[Task item]
Take the material below and output exactly the run of lines from the one containing "Катушка зажигания для" down to the one containing "Раковина GSI Kube 8931 Staron", with both included.

[Record extracts]
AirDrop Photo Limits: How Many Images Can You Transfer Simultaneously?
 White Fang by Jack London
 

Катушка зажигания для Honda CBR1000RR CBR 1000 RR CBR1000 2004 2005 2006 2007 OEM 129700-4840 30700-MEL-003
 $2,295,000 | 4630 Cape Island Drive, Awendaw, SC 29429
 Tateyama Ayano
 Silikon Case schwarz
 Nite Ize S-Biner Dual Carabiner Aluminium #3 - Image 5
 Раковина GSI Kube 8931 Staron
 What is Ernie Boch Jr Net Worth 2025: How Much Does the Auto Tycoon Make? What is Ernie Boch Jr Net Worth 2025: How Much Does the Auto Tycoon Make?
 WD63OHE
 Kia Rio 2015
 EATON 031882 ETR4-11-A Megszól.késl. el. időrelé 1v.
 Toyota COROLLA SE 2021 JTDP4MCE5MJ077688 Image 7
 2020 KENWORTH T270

[Answer box]
Катушка зажигания для Honda CBR1000RR CBR 1000 RR CBR1000 2004 2005 2006 2007 OEM 129700-4840 30700-MEL-003
 $2,295,000 | 4630 Cape Island Drive, Awendaw, SC 29429
 Tateyama Ayano
 Silikon Case schwarz
 Nite Ize S-Biner Dual Carabiner Aluminium #3 - Image 5
 Раковина GSI Kube 8931 Staron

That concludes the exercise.